Among the five ectopic pregnancies, there were two tubal pregnancies. In the first case, the patient experienced acute abdominal pain 2 years after TCRE and underwent emergency laparotomy and salpingectomy for a ruptured right isthmic tubal pregnancy. In the second case, the patient had a chronic tubal pregnancy and underwent laparotomy and salpingectomy.
There were two cornual pregnancies. In one case, subtotal hysterectomy was performed after a failed artificial suction. By examining the resected uterus, the uterine cavity was obliterated by adhesions, and gestational sac was 3.5 cm in diameter, located at the right corner of uterus. The distance between the outer brim of gestational sac and serosa was only 5 mm. In another case, a woman with left cornual pregnancy underwent laparoscopic subtotal hysterectomy.
The fifth case was a cervical pregnancy that occurred 5 years after TCRE. There was profuse bleeding during suction evacuation under ultrasound guidance, and the bleeding was controlled by Foley balloon tamponade.
Termination of pregnancies
Of the 34 intrauterine pregnancies, 32 cases were terminated at the patients request, including two difficult procedures. In one case, there was difficulty in dilation because of significant intrauterine adhesion. Hysteroscopic adhesiolysis was carried out, followed by the successful introduction of the suction curettage and removal of the gestational sac. In another case, there was heavy arterial bleeding after the gestational sac was aspirated by suction. The estimated amount of bleeding was
700 ml. The bleeding was controlled, as in the case of the cervical pregnancy, by inserting a Foley balloon to tampon the uterine cavity. For the remaining 30 pregnancies that were terminated, suction termination was performed smoothly under ultrasound guidance.
Spontaneous miscarriage
There was only one pregnancy in our study which resulted in spontaneous miscarriage followed by curretage.

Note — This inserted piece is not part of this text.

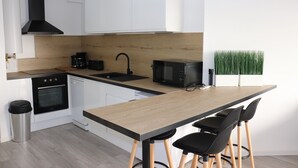 A modern kitchen with white cabinets, a wooden countertop, a black range hood, a coffee maker, a microwave, and a bar stool. - Beautiful new 2-room apartment, Saint-Raphael golf course, close to beaches (Saint-raphael)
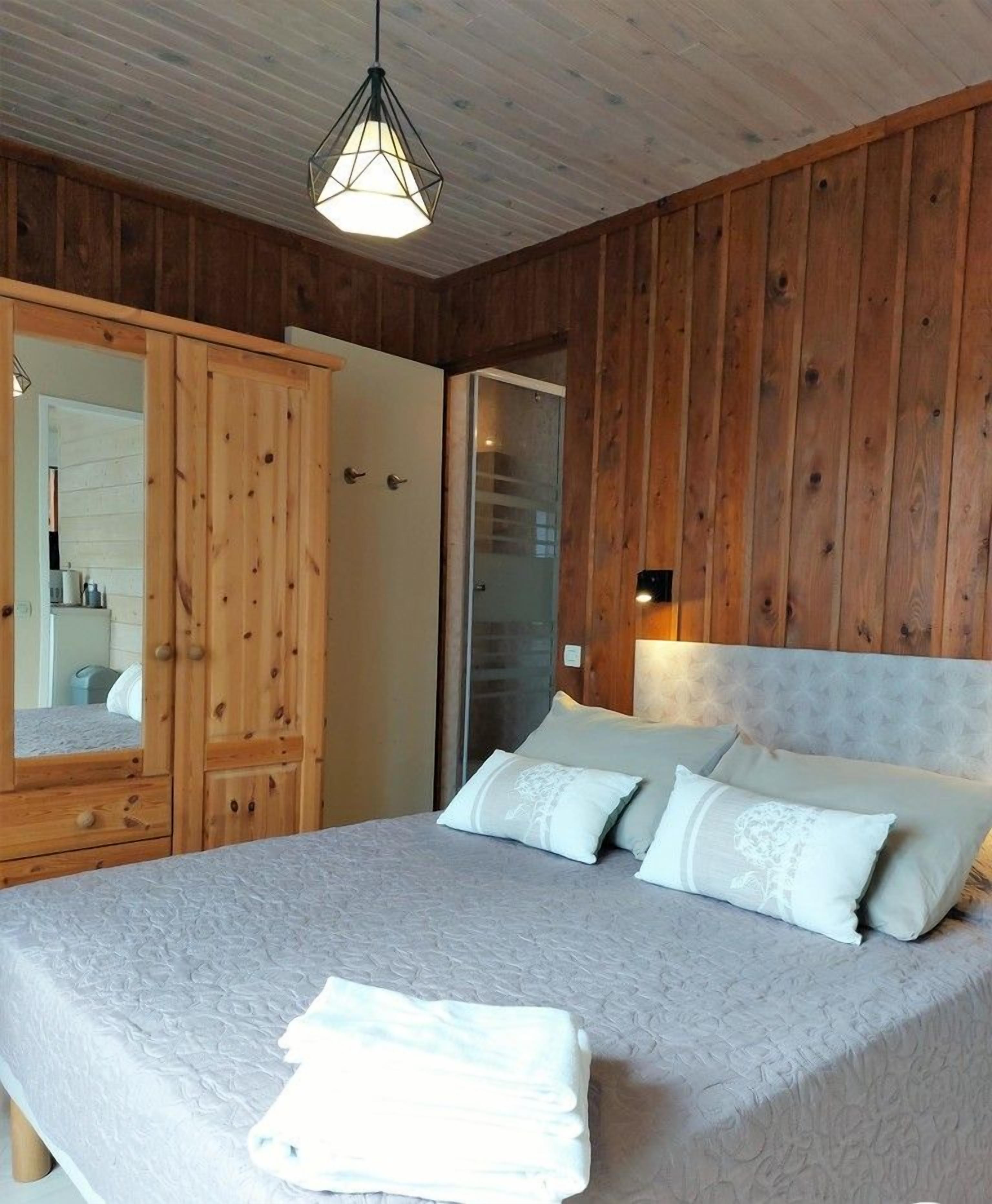 Ein Schlafzimmer mit einer Holzwand, einem großen Bett mit vielen Kissen, einem Holzschrank und einer Hängeleuchte.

Term pregnancy with placenta increta
In the remaining intrauterine pregnancy, the woman opted to keep the pregnancy, which progressed to term (Figure 1). Antenatal care was provided in another hospital outside Beijing. Caesarean section was performed at 39 gestational weeks at patients request, and a 2500-g live girl was delivered. The placenta was morbidly adherent to the uterine wall, leading to a subtotal hysterectomy. Placenta increta which was not diagnosed antenatally was confirmed by histopathology.
Surgeryconception interval
The number of pregnancies each year after TCRE was analysed, and the result is summarized in Table II. It appears that 84.6% of all pregnancies occurred within 2 years after the procedures.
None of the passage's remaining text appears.